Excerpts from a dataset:
- - -

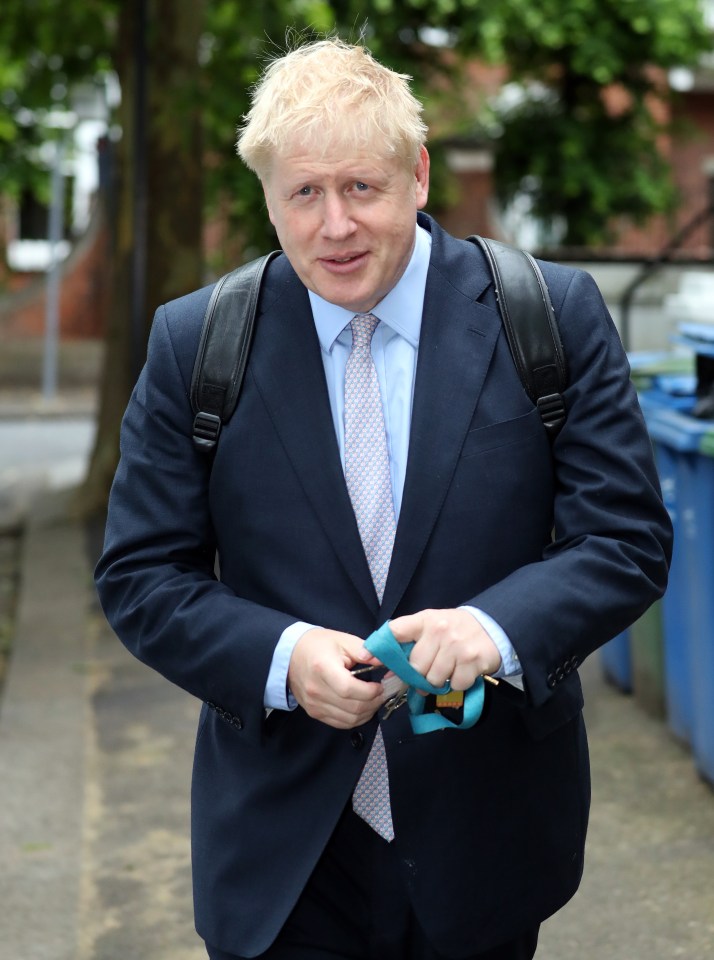  Mr Hill hoped that if Boris Johnson became PM he would be ousted like David Cameron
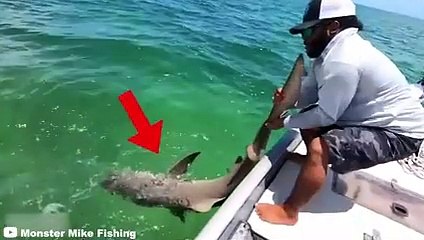 30 Scariest Shark Encounters of The Year (Part 2)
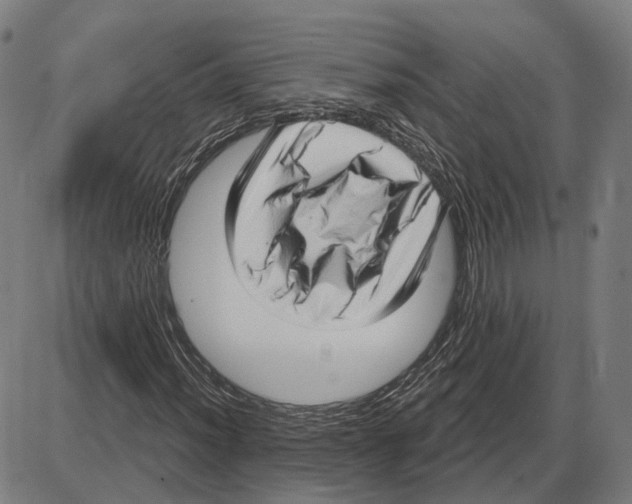 X0000083991012200703161617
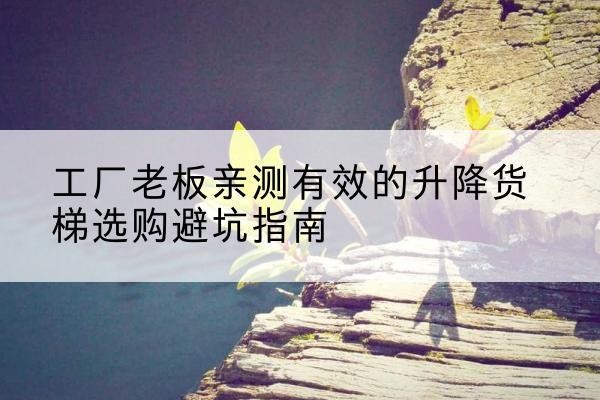 泗水升降货梯怎么选-工厂老板亲测有效的升降货梯选购避坑指南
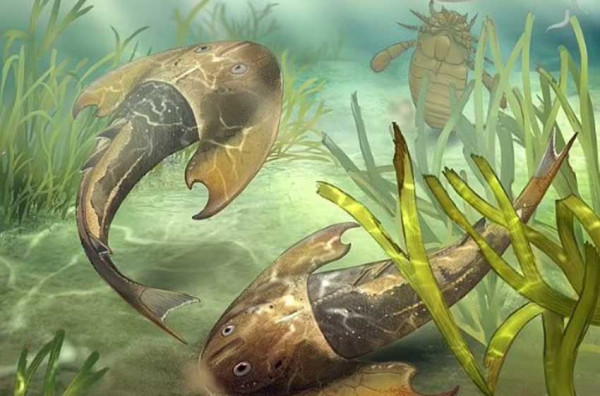 Fosil Ikan Lapis Baja Berusia 439 Juta Tahun Ditemukan di China, Dianggap Nenek Moyang Hiu Modern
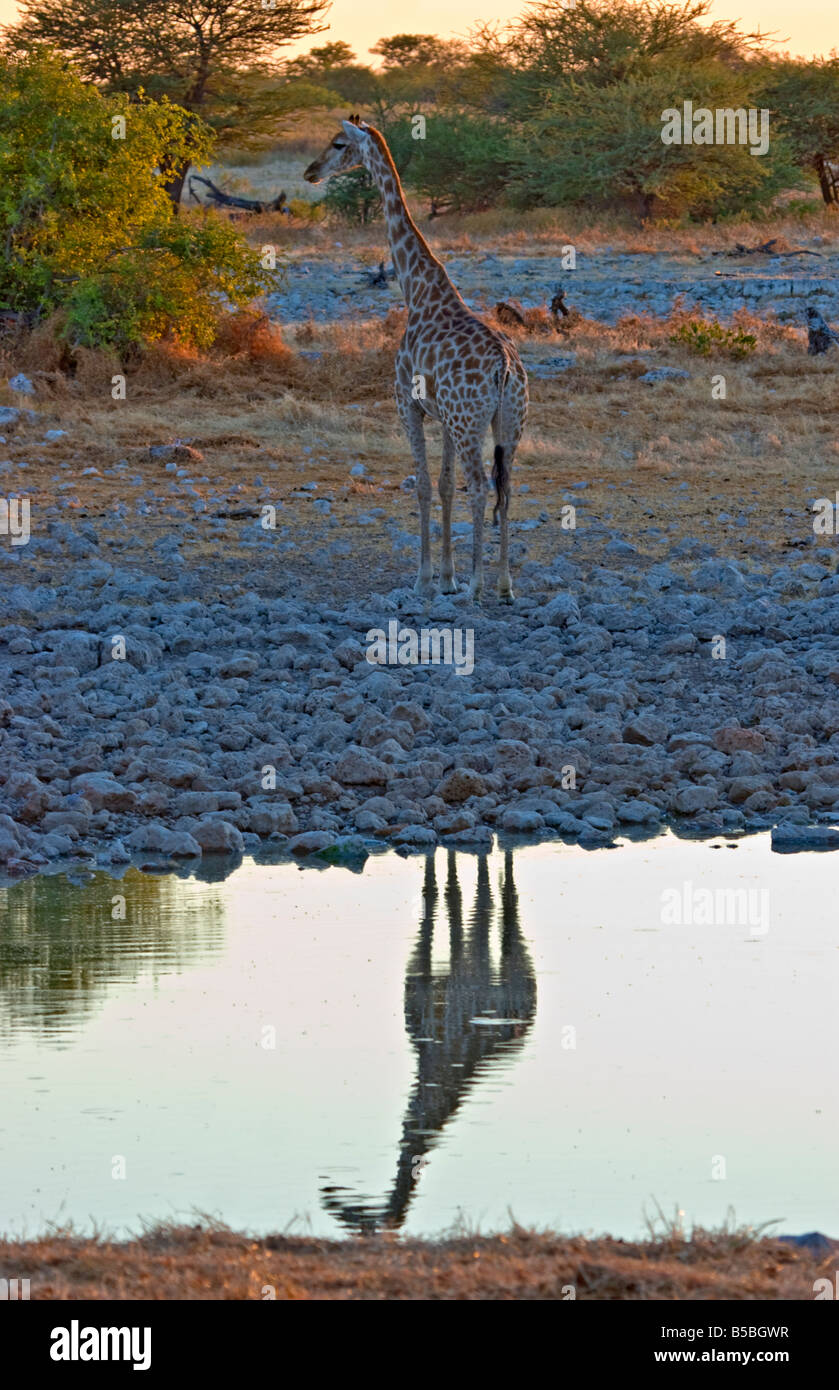A Giraffe (Giraffa camelopardalis) in Etosha National Park, Namibia Stock Photo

- - -

What is needed is an exact copy of every entry, minus the images.

  Mr Hill hoped that if Boris Johnson became PM he would be ousted like David Cameron
 30 Scariest Shark Encounters of The Year (Part 2)
 X0000083991012200703161617
 泗水升降货梯怎么选-工厂老板亲测有效的升降货梯选购避坑指南
 Fosil Ikan Lapis Baja Berusia 439 Juta Tahun Ditemukan di China, Dianggap Nenek Moyang Hiu Modern
A Giraffe (Giraffa camelopardalis) in Etosha National Park, Namibia Stock Photo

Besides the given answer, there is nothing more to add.